Using the Amazon S3 Connector

This guide targets the new Connection Management introduced with RapidMiner Studio 9.3.

For the old Legacy Amazon S3 connections see the 9.2 documentation

The Amazon S3 Connector allows you to access your Amazon S3 storage directly from RapidMiner Studio. Both read and write operations are supported. This document will walk you through how to:

Connect to your Amazon S3 account

To configure a new Amazon S3 connection you will need the connection details of your Amazon S3 account (at least the access key and the secret key).

  1. In RapidMiner Studio, right-click on the repository you want to store your Amazon S3 connection in and choose New Connection Icon Create Connection.

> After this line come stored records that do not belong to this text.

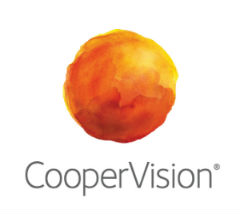 COOPER VISION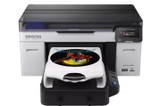 Epson SureColor SC-F2200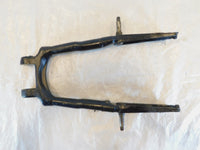Harley Davidson Ironhead Sportster 900 & 1000 Frame Rear Fork Arm Swingarm - C3 Cycle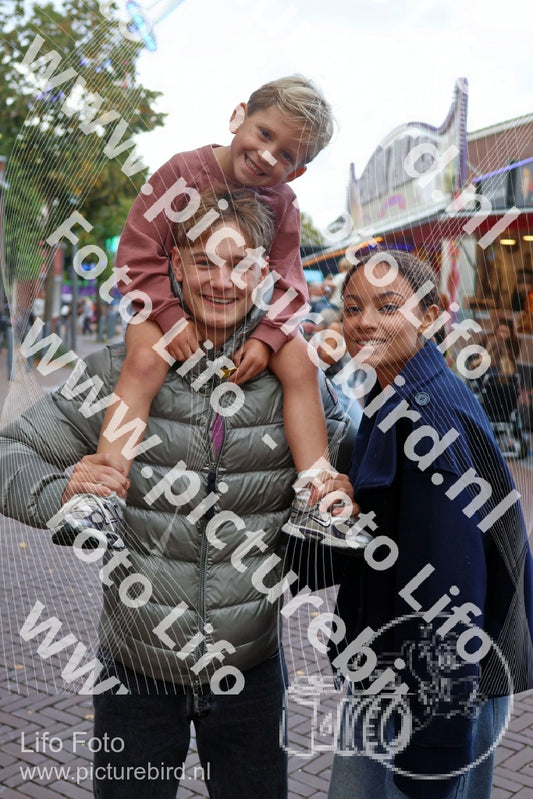 Evenement foto: 1434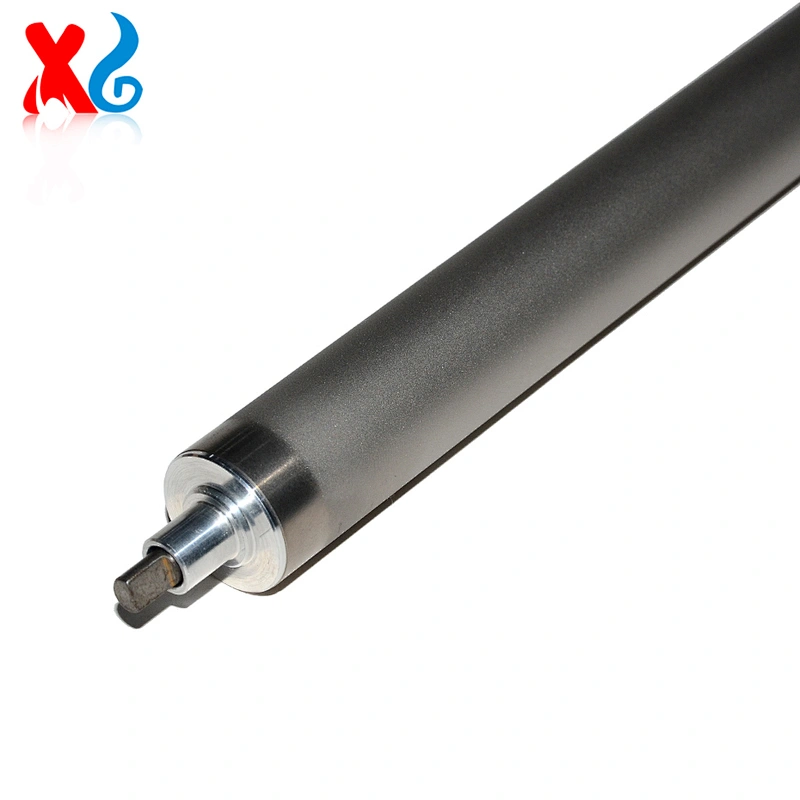 Mag Roller Replacement For Kyocera FS-6025 6030 6525 6530 TA3010i 3510i  Copiers Magnetic Roller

    You can also click on Connections > New Connection Icon Create Connection and select the repository from the dropdown of the following dialog.

  2. Enter a name for the new connection and set Connection Type to AWS Icon Amazon S3:

  3. Click on Create IconCreate and switch to the Setup tab in the Edit connection dialog.

  4. Fill in the connection details of your Amazon S3 account:

    Note that Amazon S3 supports arbitrary folder "delimiters" (symbols to separate nested folders), e.g., "/" as used for URLs or "\" as used by Microsoft Windows. If the configuration specifies the wrong delimiter, your folder structure might not be displayed correctly in RapidMiner Studio. Don't worry though, you can always change the delimiter in the connection configuration later on.

    While not required, we recommend testing your new Amazon S3 connection by clicking the Connection Test IconTest connection button. If the test fails, please check whether the details are correct.

  5. Click Save IconSave to save your connection and close the Edit connection dialog. You can now start using the Amazon S3 operators!

Read from Amazon S3

The Read Amazon S3 operator reads data from your Amazon S3 account. The operator can be used to load arbitrary file formats, since it only downloads and does not process the files. To process the files, you will need to use additional operators such as Read Document, Read Excel, or Read XML.

Let us start with reading a simple log file from Amazon S3.

  1. Drag a Read Amazon S3 operator into the Process Panel. Select your Amazon S3 connection for the connection entry parameter from the Connections folder of the repository you stored it in by clicking on the repository chooser icon button next to it:

    Alternatively, you can drag the Amazon S3 connection from the repository into the Process Panel and connect the resulting operator with the Read Amazon S3 operator.

  2. Click on the file chooser button file chooser icon to view the files in your Amazon S3 account. Select the file that you want to load and click File Chooser IconOpen.

    As mentioned above, the Read Amazon S3 operator does not process the contents of the specified file. In our example, we have chosen a log file (a plain text file). This file type can be processed via the Read Document operator which is part of the Text Processing extension for RapidMiner Studio.

  3. If you have not already installed the Text Processing extension for RapidMiner Studio, please go to the marketplace and do so now. Then add a Read Document operator between the Read Amazon S3 operator and the result port:

  4. Run Run Process the process! In the Results perspective, you should see a single document containing the content of the log file.

You could now use further text processing operators to work with this document, e.g., to determine the commonness of certain events. To write results back to Amazon S3, you can use the Write Amazon S3 operator. It uses the same Connection Type as the Read Amazon S3 operator and has a similar interface. You can also read from a set of files in an Amazon S3 directory, using the Loop Amazon S3 operator. For this you need to specify the connection entry and the folder that you want to process, as well the steps of the processing loop with nested operators. For more details please read the help of the Loop Amazon S3 operator.